Bryan Municipal Utilities has experienced an uncharacteristically high level of electrical outages in May and June, with no one overriding reason as the culprit, according to BMU Electric Superintendent Al Sullivan.

Several outages in June were caused by “eight squirrels, six trees and three electrical failures,” Sullivan said Tuesday.

The June issues contributed to an increase in the timespan of BMU’s typical outages. Called the BMU System Average Interruption Duration Index, it rose from an average of 10-12 minutes in a typical May and June, to 55 minutes in May and June 2020.

The number is calculated by dividing the sum of all customer interruptions’ duration by number of customers served.

The U.S. median is about 1 hour and 30 minutes.

“The storm season and the squirrels are a never-ending battle for us as far as them getting into places they shouldn’t be,” said Sullivan. “We do squirrel-proofing and cover up things, but they still seem to get into certain areas they shouldn’t. Any time they touch something energized it’s going to cause an outage.”

Sullivan said areas are prepped to deter squirrels periodically throughout the year, along with any time an incident pops up.

“We try to do our best and shield them from our poles,” said Sullivan. “But it’s not 100%.”

A few downtown Bryan residents may have noticed an outage on June 3, during which a squirrel got into a switch in the area of Titan Tire, which tripped the breaker and “blipped” power.

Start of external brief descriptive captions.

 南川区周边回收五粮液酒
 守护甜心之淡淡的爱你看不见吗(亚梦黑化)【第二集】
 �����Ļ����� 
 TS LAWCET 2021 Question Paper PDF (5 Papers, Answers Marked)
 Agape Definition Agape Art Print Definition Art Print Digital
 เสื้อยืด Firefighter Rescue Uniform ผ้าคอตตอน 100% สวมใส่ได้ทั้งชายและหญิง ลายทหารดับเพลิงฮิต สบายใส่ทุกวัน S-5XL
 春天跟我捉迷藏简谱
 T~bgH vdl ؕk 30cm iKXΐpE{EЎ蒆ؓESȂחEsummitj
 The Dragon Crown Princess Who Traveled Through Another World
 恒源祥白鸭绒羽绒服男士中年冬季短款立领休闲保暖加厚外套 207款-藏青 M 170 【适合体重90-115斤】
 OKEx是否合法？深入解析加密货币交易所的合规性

On June 10, storms reared their head. Numerous downed trees in places like the 400 block of East Wilson Street, the 05000 block of County Road 15.75, the 100 block Sycamore Lane and in the 1900 block of East Wilson Street — plus a damaged line between the power plant and Daggett Substation — conspired to cause tripping of multiple circuit breakers and power outages.

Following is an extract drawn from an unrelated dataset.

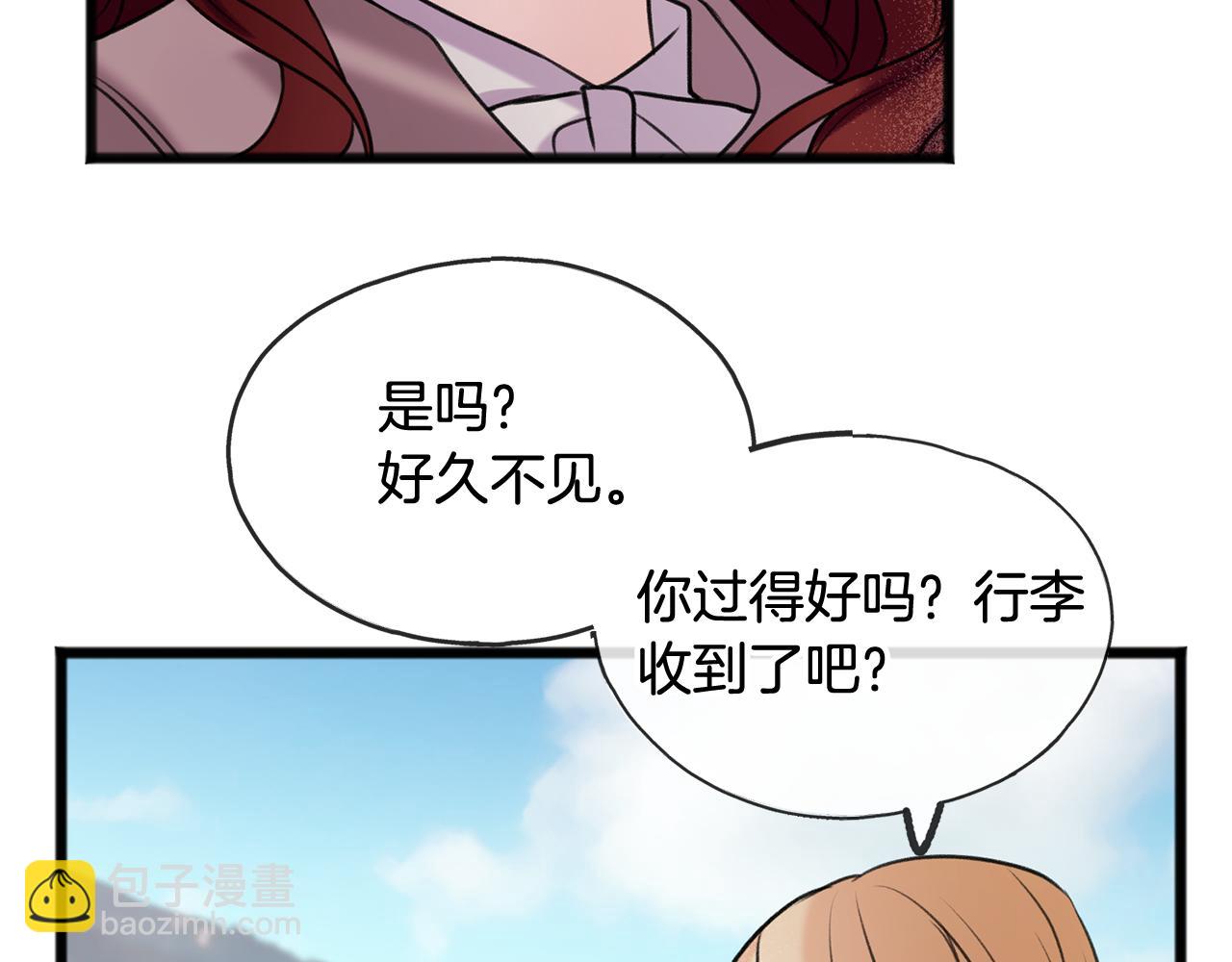 第4话 湖边散步107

Sullivan noted that an extensive effort was undertaken to remove and trim trees near lines over the past year, but that secondary line areas might still pose problems.

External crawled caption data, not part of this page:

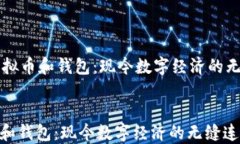     虚拟币和钱包：现今数字经济的无缝连接虚拟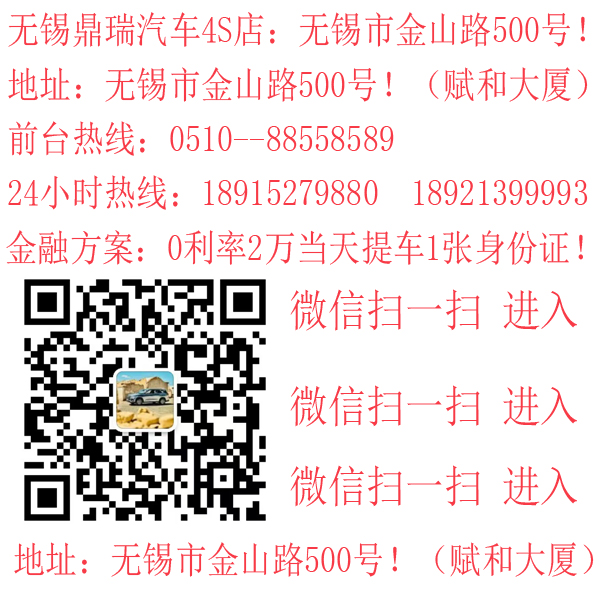 无锡对所有品牌 推出“一证贷”即1张身份证 贷款90% 无流水限制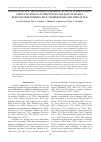 Научная статья на тему 'Passive acoustic monitoring of roaring activity in male wapiti Cervus elaphus xanthopygus in Far East of Russia: effects of recording site, temperature and time of day'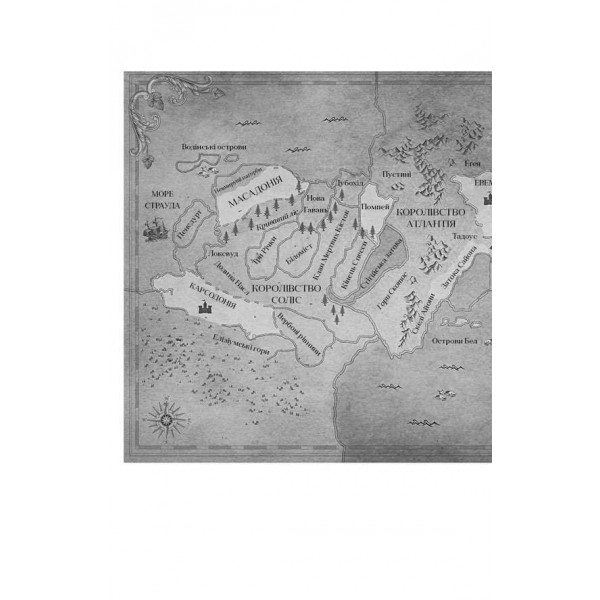 Кров і попіл. Книга 3. Корона з позолочених кісток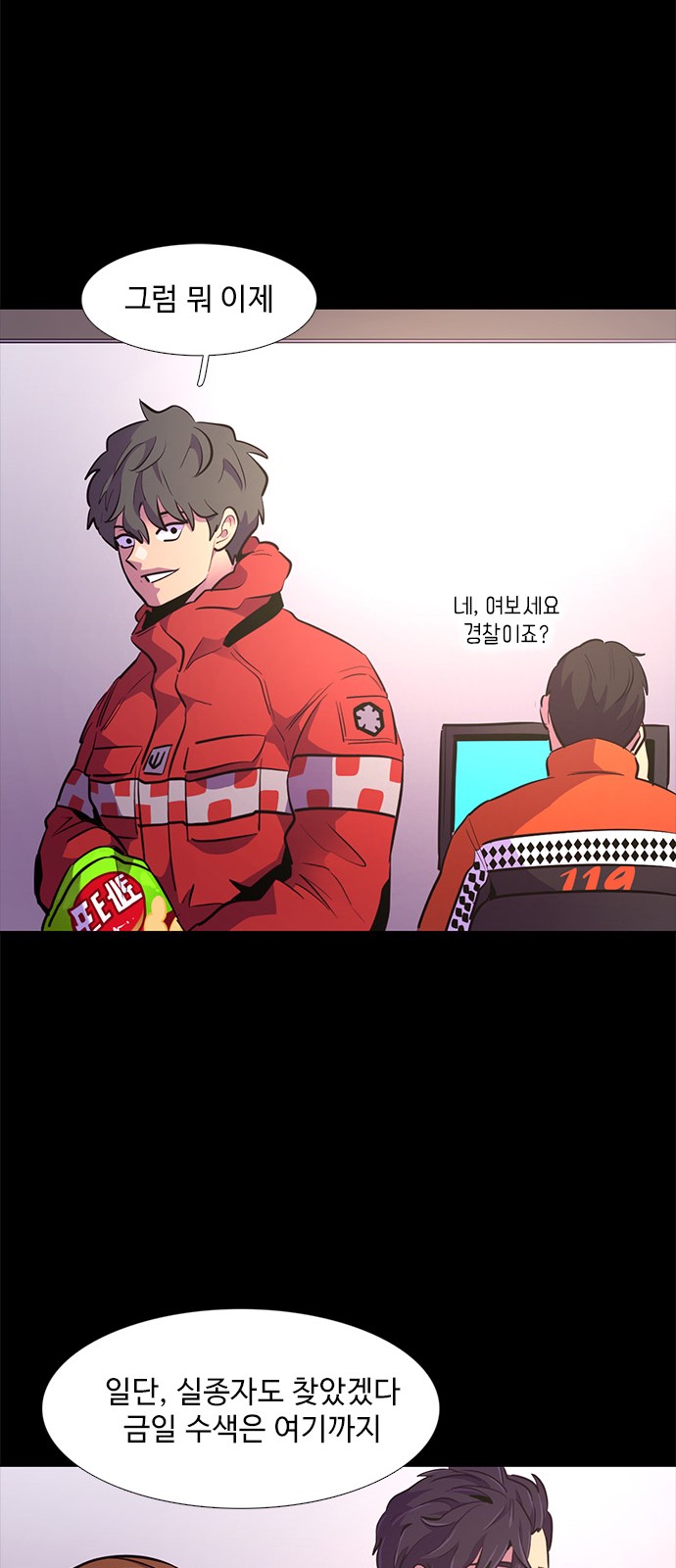 18 페이지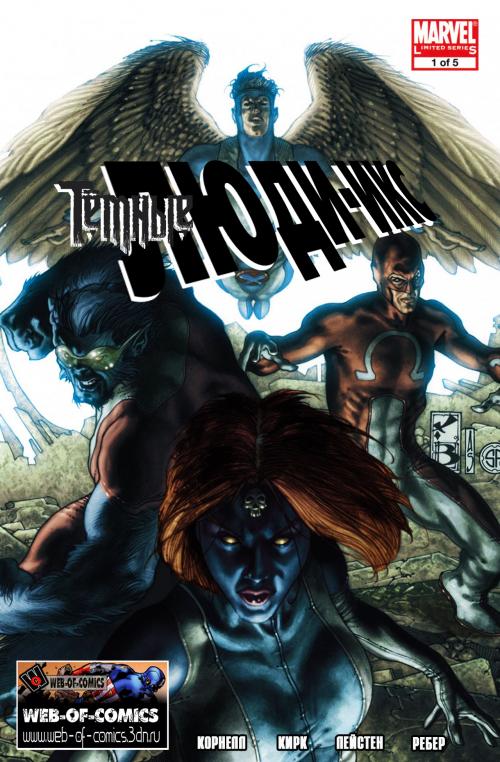X-Men, New Excalibur, GeNext, New Mutants, Wolverine / ����-���, ����� ���������, �������, ����� �������, �������� (������) [2005-2009, Rus]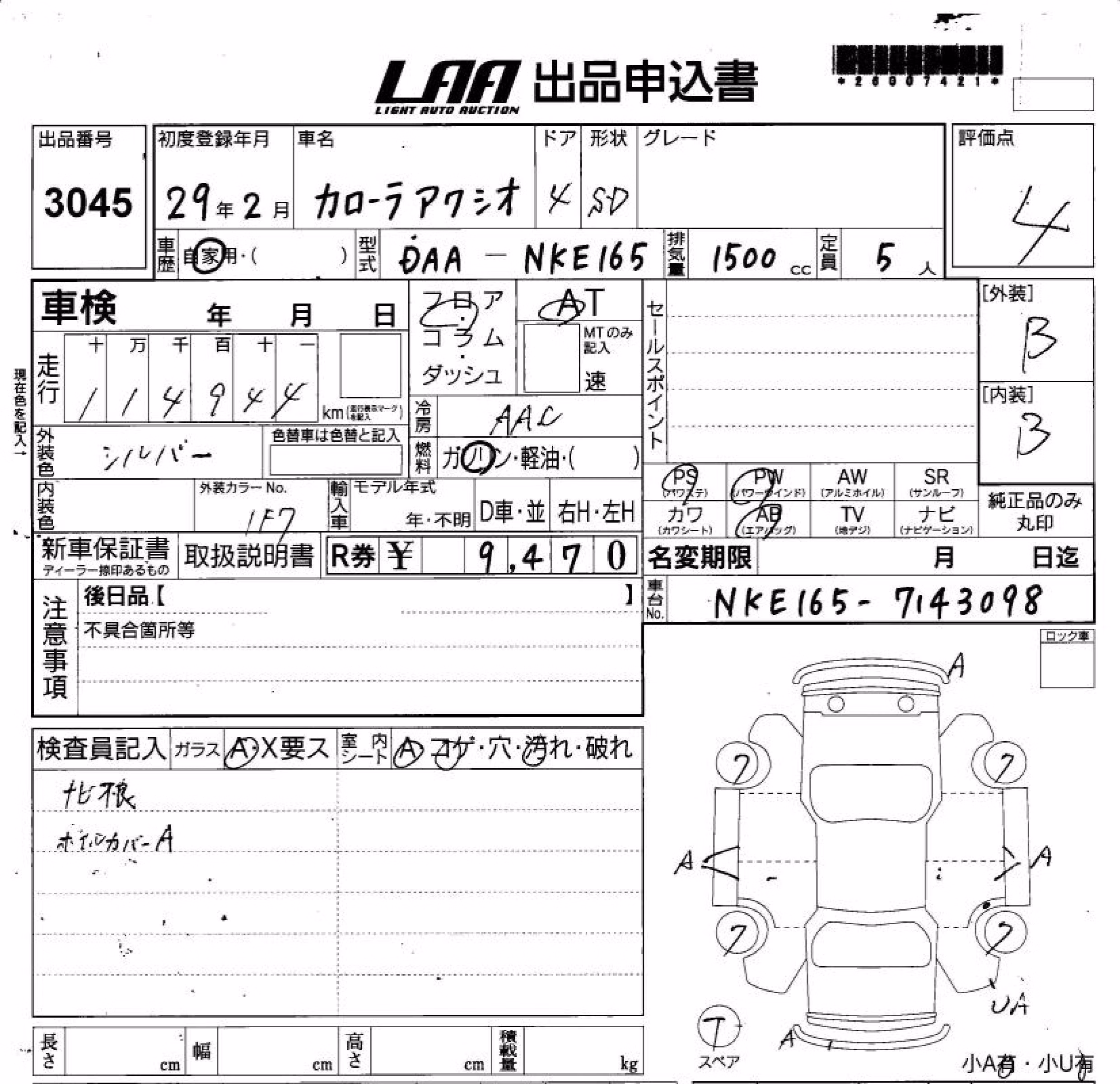TOYOTA COROLLA AXIO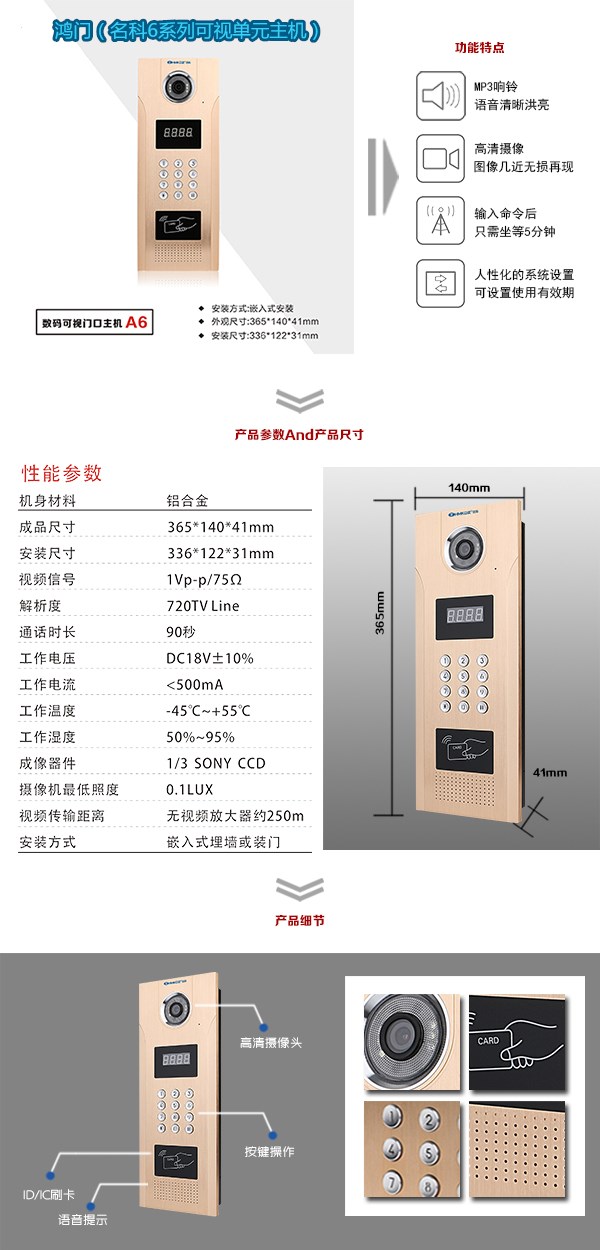 宣威市可视单元主机1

In the second large-scale outage of the month, on June 19, a lighting arrester failure occurred at Bona Vesta, tripping breakers at the corresponding substation and causing an outage that lasted about 45 minutes and affected 717 customers.

“It could’ve been weakened by a storm before and all of a sudden it decided to explode,” said Sullivan. “Those things are known to do that. They’re only good for a certain amount of amperage. We’ve got thousands on our system and you can’t replace them all at once ... You can’t visually see what’s wrong with them.

“We try our best to be proactive,” he said.

On June 28, two squirrels got into a primary underground riser and broke a protective device, which in turn tripped the circuit breaker at the corresponding substation, causing 0.6 hours of outage affecting 716 customers.